The Garden of Red House
Red House and its garden were planned together to the extent that plant names were actually pencilled in to the drawings that the architect, Philip Webb, drew. These included white jasmine, roses, and passion flowers. Everything was done to protect the trees that had been in the orchard on which the House was built. Morris and Weeb shred the view that a house should be integrated with its surrounding landscape. Wendy Hitchmough has written, not extravagantly, that the 'house and its garden were inseparable ideologically, as a fusion of art and nature'. It is possible to think of the site of Red House as a number of rooms, some within the walls of the houseand some outside - with others (the two porches and the oriole window) being inside-outside. The current garden retains much of the spirt of the original garden and there are elements, such as the 'bowling green' on the west side that must be very similar. But the actual structure is a matter of much speculation and, since the house was bought by the National Trust, of research. Some of the garden has disappeared for development , some was added. The orchard on the west side was for a number of years (in the 1960s and 1970s) the possible site for further housing development.

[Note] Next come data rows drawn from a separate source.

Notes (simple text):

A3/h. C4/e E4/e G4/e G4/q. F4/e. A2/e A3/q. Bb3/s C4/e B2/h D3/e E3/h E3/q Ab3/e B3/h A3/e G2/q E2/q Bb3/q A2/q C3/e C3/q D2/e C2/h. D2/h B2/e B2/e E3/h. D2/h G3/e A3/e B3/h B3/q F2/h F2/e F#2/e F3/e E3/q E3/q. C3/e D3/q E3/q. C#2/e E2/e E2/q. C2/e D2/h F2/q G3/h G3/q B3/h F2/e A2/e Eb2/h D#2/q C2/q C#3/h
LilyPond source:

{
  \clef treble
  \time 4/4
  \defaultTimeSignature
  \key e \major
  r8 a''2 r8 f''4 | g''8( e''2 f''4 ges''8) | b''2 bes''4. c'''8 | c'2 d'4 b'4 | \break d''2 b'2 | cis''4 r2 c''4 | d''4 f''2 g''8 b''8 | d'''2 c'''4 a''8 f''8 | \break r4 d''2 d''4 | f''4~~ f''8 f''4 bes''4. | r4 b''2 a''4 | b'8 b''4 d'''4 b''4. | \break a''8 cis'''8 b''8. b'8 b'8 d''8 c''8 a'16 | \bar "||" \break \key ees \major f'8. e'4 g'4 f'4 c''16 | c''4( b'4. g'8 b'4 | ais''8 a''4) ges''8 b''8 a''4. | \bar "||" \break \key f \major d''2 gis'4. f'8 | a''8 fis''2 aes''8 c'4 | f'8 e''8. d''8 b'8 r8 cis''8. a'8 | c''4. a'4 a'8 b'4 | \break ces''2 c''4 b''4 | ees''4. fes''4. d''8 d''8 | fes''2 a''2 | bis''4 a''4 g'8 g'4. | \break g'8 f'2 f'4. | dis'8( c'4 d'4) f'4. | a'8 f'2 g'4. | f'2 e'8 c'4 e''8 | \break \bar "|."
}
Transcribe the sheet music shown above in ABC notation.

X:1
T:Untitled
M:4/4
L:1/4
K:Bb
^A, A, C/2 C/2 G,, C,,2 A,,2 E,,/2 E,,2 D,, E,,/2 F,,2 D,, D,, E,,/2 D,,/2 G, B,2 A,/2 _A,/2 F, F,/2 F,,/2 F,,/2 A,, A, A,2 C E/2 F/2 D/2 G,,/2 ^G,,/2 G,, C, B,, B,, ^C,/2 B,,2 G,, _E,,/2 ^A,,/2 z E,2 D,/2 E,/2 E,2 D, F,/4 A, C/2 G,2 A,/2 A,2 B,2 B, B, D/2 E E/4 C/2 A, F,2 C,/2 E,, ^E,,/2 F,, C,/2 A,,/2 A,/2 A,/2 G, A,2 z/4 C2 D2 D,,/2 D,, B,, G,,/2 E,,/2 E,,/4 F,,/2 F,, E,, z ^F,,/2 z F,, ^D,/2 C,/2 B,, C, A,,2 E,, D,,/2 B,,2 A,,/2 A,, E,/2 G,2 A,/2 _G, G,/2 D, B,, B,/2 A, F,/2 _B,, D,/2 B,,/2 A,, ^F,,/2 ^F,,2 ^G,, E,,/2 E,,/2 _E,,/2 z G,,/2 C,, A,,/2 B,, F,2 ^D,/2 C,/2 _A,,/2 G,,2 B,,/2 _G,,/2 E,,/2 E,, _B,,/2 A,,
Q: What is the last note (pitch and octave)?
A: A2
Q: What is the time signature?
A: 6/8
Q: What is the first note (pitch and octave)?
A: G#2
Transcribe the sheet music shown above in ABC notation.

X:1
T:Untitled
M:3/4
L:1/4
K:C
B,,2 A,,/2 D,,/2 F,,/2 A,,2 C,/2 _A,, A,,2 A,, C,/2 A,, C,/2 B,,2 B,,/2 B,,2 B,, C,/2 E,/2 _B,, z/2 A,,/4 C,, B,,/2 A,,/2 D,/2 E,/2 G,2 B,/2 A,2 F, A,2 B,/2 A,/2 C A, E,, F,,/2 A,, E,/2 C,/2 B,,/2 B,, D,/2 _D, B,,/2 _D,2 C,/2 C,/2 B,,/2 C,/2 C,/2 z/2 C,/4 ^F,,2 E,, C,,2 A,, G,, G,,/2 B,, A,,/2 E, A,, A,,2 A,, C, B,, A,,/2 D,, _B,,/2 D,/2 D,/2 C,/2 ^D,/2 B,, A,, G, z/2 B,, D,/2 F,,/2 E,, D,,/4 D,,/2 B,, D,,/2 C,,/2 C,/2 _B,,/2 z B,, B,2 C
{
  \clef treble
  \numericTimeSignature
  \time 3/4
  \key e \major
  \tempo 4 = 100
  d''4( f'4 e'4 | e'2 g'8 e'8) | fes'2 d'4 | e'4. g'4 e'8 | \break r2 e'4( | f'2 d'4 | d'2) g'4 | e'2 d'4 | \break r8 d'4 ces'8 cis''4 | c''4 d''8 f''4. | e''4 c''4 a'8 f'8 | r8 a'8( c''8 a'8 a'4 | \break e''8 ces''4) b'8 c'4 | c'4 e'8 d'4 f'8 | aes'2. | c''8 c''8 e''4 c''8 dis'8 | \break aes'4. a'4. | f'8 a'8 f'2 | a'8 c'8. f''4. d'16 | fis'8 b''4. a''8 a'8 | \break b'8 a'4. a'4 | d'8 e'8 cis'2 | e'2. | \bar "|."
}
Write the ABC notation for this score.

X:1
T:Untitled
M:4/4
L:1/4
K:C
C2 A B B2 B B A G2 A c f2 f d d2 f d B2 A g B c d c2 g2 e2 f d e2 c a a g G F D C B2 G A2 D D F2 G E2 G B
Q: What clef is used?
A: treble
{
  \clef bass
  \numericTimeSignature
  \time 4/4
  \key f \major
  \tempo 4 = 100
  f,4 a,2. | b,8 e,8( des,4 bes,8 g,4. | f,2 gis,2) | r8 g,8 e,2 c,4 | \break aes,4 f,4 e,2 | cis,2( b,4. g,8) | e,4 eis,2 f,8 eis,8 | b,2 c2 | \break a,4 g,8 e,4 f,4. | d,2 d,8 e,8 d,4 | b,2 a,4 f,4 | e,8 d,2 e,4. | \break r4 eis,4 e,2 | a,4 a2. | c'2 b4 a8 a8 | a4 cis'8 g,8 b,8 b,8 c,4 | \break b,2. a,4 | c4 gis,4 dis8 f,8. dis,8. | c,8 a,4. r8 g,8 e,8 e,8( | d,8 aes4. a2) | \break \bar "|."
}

What is known is that originally there was a formal garden at the front of the house (the north side) which was described by Lethaby as the 'the first of the modern square-plot and trained hedge type, which is now well known'. This was broken up into four smaller square gardens, each of which was surrounded by rose-covered wattle fences. It was based on medieval garden forms with a sequence of semi-open gardens each of which presented themselvef to the viewer. Elsewhere trees were widely spaced, arranged in parallel lines with straight gravel paths and long grass walks between flower beds bordered by lavender and rosemary. For many the garden represents the start of the Arts and Crafts garden movement which was to be exemplified in the work of Willaim Robonson and Gertrude Jekyll. Indeed Fiona Maccarthy has suggested that the garden was more genuinely influential than the house in its impact on the development of the Arts and Crafts trends of the later part of the 19th century.